**WHAT IS REQUIRED**
Return, from the material below, each line in which the word "Travel" is present.

**MATERIAL FOR THE TASK**
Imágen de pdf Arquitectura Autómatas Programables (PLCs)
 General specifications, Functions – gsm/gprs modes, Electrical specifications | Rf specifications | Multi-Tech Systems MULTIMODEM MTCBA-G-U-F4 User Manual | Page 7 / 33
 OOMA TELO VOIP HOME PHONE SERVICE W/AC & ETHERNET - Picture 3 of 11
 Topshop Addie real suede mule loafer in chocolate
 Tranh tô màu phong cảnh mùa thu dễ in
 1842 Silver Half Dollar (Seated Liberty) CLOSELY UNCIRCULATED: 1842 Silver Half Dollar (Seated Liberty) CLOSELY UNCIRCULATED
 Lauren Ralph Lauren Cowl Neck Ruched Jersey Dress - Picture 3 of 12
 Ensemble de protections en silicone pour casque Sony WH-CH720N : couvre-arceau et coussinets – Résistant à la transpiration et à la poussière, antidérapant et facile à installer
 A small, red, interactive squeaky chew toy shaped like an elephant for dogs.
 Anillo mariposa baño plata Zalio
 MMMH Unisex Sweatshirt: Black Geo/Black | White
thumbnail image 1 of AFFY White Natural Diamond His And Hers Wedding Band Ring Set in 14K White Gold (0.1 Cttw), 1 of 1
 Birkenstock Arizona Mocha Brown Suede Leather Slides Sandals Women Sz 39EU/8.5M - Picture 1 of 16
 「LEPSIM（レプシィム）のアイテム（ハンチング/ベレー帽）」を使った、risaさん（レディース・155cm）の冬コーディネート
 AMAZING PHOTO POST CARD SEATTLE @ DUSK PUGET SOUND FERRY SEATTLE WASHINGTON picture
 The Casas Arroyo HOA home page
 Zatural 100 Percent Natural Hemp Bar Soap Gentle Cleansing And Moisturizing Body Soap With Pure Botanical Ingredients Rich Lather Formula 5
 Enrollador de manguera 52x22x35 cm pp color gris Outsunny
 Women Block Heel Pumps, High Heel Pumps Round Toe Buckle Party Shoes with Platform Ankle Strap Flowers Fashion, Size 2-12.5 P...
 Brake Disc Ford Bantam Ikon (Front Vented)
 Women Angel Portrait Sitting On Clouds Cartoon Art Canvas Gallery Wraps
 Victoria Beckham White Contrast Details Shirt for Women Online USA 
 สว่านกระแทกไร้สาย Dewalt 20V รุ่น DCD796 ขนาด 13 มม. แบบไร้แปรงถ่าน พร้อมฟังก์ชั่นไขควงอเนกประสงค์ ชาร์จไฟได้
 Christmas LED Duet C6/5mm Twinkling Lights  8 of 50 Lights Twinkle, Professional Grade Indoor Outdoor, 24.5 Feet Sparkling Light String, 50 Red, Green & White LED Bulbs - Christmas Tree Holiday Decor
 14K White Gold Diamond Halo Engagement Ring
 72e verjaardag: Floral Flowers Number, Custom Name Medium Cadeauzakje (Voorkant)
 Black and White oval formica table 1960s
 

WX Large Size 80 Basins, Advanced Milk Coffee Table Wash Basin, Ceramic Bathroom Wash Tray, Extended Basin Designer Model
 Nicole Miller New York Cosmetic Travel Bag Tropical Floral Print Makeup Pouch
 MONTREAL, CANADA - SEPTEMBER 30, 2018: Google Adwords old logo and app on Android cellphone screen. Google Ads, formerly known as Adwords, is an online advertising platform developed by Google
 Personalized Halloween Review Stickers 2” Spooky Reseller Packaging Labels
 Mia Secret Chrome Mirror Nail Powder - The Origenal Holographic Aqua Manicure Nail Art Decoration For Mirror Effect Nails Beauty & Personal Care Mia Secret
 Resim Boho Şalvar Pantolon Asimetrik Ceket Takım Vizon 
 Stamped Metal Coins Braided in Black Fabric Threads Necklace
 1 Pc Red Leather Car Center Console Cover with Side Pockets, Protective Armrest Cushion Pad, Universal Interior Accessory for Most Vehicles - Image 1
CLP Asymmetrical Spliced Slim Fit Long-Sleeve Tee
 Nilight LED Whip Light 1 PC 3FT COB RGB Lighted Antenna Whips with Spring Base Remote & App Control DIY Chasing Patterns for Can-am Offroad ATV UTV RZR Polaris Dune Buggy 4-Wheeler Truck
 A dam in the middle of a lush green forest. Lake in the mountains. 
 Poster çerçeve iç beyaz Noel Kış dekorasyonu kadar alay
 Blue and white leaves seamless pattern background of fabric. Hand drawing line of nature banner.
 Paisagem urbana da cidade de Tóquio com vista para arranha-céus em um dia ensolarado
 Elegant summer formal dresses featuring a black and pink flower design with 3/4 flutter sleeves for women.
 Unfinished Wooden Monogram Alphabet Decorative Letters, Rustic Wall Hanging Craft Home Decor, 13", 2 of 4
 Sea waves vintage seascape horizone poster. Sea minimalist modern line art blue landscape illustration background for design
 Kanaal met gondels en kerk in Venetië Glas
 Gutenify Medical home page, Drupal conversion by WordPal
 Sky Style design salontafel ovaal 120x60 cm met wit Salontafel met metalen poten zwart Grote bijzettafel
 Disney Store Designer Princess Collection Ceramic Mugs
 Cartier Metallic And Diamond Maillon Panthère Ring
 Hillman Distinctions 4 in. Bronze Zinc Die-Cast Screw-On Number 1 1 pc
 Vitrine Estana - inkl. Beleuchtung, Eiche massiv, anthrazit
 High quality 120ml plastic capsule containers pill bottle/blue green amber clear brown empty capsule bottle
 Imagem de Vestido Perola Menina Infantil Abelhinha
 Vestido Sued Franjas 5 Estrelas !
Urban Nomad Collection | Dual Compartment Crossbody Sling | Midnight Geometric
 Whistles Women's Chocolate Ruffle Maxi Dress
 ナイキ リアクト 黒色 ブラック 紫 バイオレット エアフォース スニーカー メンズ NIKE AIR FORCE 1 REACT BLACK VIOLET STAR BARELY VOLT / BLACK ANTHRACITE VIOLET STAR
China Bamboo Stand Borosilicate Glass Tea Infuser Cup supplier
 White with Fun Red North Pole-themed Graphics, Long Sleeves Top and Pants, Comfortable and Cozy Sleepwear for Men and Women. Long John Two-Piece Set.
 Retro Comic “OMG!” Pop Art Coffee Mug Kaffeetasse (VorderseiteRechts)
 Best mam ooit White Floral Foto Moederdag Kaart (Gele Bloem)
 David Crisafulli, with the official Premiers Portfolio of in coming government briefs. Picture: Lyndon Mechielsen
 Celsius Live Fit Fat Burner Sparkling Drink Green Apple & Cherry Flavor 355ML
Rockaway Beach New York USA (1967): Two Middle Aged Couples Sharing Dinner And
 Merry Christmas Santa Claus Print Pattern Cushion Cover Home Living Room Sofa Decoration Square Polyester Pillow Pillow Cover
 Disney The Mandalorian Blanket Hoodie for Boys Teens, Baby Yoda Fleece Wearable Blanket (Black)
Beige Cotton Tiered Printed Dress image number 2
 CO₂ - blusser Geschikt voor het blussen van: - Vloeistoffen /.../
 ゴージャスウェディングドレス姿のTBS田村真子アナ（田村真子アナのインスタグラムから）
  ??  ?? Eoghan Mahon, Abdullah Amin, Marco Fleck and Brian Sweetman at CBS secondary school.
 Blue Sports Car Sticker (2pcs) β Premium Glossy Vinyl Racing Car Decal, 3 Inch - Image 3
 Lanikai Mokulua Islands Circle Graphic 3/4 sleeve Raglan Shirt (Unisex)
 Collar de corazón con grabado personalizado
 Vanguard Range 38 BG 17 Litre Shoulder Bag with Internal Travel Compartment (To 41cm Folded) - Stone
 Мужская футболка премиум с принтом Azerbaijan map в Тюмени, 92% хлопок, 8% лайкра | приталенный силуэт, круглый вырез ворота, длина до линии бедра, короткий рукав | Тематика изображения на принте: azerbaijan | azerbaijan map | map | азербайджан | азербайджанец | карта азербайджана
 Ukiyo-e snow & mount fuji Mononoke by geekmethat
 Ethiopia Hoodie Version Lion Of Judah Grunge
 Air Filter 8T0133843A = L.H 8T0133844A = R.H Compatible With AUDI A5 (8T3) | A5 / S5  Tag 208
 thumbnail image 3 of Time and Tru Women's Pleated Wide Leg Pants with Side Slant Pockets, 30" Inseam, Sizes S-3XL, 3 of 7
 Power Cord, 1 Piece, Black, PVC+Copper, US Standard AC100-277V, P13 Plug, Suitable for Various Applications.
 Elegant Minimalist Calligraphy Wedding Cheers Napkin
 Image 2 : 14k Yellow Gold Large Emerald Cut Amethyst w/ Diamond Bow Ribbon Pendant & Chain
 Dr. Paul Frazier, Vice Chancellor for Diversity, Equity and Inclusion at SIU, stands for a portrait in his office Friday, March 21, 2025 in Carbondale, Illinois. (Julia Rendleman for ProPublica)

**RESPONSE AREA**
 Nicole Miller New York Cosmetic Travel Bag Tropical Floral Print Makeup Pouch
 Vanguard Range 38 BG 17 Litre Shoulder Bag with Internal Travel Compartment (To 41cm Folded) - Stone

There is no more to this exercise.